Task objective: Write down each entry precisely as given.

[Stored records]
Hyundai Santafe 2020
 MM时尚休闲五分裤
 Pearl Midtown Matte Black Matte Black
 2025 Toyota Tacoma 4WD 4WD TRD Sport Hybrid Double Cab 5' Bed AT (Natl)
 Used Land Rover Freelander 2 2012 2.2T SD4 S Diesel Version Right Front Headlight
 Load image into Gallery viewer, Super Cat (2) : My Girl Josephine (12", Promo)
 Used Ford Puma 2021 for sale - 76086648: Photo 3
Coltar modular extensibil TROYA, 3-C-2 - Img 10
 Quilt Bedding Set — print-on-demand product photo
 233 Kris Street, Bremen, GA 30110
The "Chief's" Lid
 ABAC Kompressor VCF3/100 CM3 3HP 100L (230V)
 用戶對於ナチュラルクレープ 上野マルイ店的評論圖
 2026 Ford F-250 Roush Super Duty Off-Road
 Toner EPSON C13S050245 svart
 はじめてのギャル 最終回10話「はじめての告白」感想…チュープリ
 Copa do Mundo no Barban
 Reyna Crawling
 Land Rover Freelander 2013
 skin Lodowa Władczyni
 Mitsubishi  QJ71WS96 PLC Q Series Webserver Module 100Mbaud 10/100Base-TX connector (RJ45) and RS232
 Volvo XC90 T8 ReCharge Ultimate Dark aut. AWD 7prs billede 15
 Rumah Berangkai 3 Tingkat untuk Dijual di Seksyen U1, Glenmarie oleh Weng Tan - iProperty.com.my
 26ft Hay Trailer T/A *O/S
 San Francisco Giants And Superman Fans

Answer area:
Hyundai Santafe 2020
 MM时尚休闲五分裤
 Pearl Midtown Matte Black Matte Black
 2025 Toyota Tacoma 4WD 4WD TRD Sport Hybrid Double Cab 5' Bed AT (Natl)
 Used Land Rover Freelander 2 2012 2.2T SD4 S Diesel Version Right Front Headlight
 Load image into Gallery viewer, Super Cat (2) : My Girl Josephine (12", Promo)
 Used Ford Puma 2021 for sale - 76086648: Photo 3
Coltar modular extensibil TROYA, 3-C-2 - Img 10
 Quilt Bedding Set — print-on-demand product photo
 233 Kris Street, Bremen, GA 30110
The "Chief's" Lid
 ABAC Kompressor VCF3/100 CM3 3HP 100L (230V)
 用戶對於ナチュラルクレープ 上野マルイ店的評論圖
 2026 Ford F-250 Roush Super Duty Off-Road
 Toner EPSON C13S050245 svart
 はじめてのギャル 最終回10話「はじめての告白」感想…チュープリ
 Copa do Mundo no Barban
 Reyna Crawling
 Land Rover Freelander 2013
 skin Lodowa Władczyni
 Mitsubishi  QJ71WS96 PLC Q Series Webserver Module 100Mbaud 10/100Base-TX connector (RJ45) and RS232
 Volvo XC90 T8 ReCharge Ultimate Dark aut. AWD 7prs billede 15
 Rumah Berangkai 3 Tingkat untuk Dijual di Seksyen U1, Glenmarie oleh Weng Tan - iProperty.com.my
 26ft Hay Trailer T/A *O/S
 San Francisco Giants And Superman Fans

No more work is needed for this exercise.